But they confirmed that, after four management changes in four years and three department re-organisations, which all failed to lift the Government’s ‘inadequate’ rating, there would be no further restructures – just a focus on improvement under the current plan.

Mr Hay, who has taken on the new role alongside his existing position as strategic director of adult social care, said: “The immediate position is unsafe for children and needs immediate action.

“We need to get a department which responds to the concerns of staff and those responsible for children.

“Their voices haven’t been heard, it is unsafe. We need to be turning this around quickly.”

The department has consistently had problems with social worker recruitment, retention and sickness rates and is now losing agency back-up staff due to a ‘trade war with Sandwell’ after the Black Country authority raised its fees.

Mr Hay stressed that front-line staff were not to blame for the problems and added a considerable amount of “great work” was going on.

He said some progress was already being made with a new system for reporting cases, referred by the public, picked up by the council’s call centre.

Coun Jones, who had a difficult working relationship with Mr Duxbury, also spoke of the negative culture in the department.

She said: “There has to be a sea change.

“Children must come first, we cannot continue to sweep issues under the carpet and not talk about them.

“There has to be climate of honesty and openness.

“Staff have to have confidence their concerns will be acted on.”

The councillor for Selly Oak added: “The buck stops with me, but I can’t fix things if I don’t know they’re broken.”

Having overseen a restructure in the last 12 months, following the last inspection by Ofsted last September, Coun Jones ruled out any further upheaval.

“We are sticking to the same plan,” she said.

“We will be looking at front-line improvement. The focus has to be on making children safer. There will be no big changes.”

Mr Hay confirmed his interim appointment was intended to last until the end of the year, during which time a “sustainable long-term plan” would be developed.

He was, between 2003 and 2005, the director of the council’s social services department before it was split into adults and children’s services and said he would provide some continuity.

A decade ago, the larger department was similarly in crisis and failing but under his directorship it secured a star, under an old rating system, before it was divided.

Since then, there have been a number of high-profile cases which exposed failings in the services, including the deaths of children known to social workers - Toni Ann Byfield, Khyra Ishaq and more recently Keanu Williams.

The department has also been rated as inadequate since 2009 and, despite the routine involvement of the Department for Education and Ofsted, is showing little sign of improvement.

The council’s vulnerable children scrutiny committee warned Coun Jones and Mr Hay that improvement must be swift.

Chairman Anita Ward, referring to the last Ofsted inspection, said; “Twelve months ago I said we had got away with it.

“We have to face facts – we have taken a backwards step since then.”

There are concerns that any further failure could result in Education Secretary Michael Gove stepping in to run the department, as he did with Doncaster’s department last week.

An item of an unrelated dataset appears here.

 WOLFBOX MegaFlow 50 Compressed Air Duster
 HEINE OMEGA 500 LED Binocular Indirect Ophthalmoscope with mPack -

But Mr Hay warned such a step would mean further unnecessary upheaval for social workers as the Doncaster trust model was likely to take two years to establish.

Mr Duxbury took over as strategic director of children’s services in April last year, having come from the “outstanding” Lincolnshire County Council’s children’s services.

Mr Duxbury immediately set to work on an overhaul of the department – but an Ofsted inspector’s report last autumn revealed too many social care reports were of poor quality, frequently late and that the demoralised department faced major problems with staff recruitment, retention and high sickness absence levels – leading to a heavy reliance on agency social workers.

Recently it was revealed that, of a top management team of 12, only six were permanent, with three consultants and three interim staff.

Two of those consultants have also now left.#

Mr Duxbury went on an “unplanned, urgent” period of leave last month and has not returned.